NVSM Raises Alerts for Missing Devices on DGX H100 System

Issue

NVSM reports the following missing devices on NVIDIA DGX H100 Systems:

/systems/localhost/pcie/alerts/alert0
    message_details = Device is missing on b1:00.1.
    ...

/systems/localhost/pcie/alerts/alert1
    message_details = Device is missing on b1:00.0.
    ...

 /systems/localhost/pcie/alerts/alert2
    message_details = Device is missing on 0b:00.1.

Explanation

NVSM version 22.12.02 is configured with the preceding devices as resources in the DGX H100 System configuration file and the devices are not present in the system at the reported PCI IDs.
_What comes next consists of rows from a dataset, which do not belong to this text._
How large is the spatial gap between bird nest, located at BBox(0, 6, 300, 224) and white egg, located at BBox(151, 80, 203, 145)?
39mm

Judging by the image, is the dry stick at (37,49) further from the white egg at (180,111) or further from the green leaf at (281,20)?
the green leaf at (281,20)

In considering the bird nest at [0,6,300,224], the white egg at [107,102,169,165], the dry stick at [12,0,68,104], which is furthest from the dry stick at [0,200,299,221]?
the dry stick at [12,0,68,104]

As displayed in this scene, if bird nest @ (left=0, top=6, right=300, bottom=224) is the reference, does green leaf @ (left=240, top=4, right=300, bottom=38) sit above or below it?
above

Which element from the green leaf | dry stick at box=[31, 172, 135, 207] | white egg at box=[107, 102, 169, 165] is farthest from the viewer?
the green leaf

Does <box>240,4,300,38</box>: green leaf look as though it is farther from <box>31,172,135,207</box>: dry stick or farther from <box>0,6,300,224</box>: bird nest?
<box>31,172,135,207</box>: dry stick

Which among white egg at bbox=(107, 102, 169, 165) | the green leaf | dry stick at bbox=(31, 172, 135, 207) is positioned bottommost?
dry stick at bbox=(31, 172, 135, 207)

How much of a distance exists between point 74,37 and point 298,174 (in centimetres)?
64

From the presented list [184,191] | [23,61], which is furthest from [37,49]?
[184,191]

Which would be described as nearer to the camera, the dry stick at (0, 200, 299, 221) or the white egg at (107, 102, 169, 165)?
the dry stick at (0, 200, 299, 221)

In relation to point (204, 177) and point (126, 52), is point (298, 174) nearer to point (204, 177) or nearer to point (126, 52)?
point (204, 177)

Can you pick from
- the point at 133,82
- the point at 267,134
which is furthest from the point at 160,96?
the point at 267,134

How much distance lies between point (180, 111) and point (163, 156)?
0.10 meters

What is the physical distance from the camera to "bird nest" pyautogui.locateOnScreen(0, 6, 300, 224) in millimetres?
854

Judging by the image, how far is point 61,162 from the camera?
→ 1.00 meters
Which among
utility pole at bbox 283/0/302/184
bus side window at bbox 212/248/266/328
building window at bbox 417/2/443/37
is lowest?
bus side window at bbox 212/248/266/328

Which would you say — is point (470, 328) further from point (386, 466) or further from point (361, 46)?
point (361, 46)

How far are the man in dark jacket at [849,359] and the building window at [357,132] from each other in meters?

You can ignore the alerts for these PCI IDs. The alerts are false positives.

Workaround

After upgrading to a newer version of NVSM, the alerts can persist in local storage. Perform the following steps to remove the NVSM alert database from local storage:

  1. Stop the NVSM service:

    sudo systemctl stop nvsm
    
  2. Delete the alert database from local storage:

    sudo rm /var/lib/nvsm/sqlite/nvsm.db
    
  3. Start the NVSM service:

    sudo systemctl start nvsm
    

DGX A800 Station/Server: mig-parted config

Issue

DGX Station A800 is not currently supported in the all-balanced configuration of the default mig-parted config file.

Workaround

To add the A800 device ID to the all-balanced configuration:

  1. Make a copy of the default configuration.

  2. Add device ID 0x20F310DE to the device-filter of the all-balanced config.

  3. Point mig-parted apply at this new file when selecting a config.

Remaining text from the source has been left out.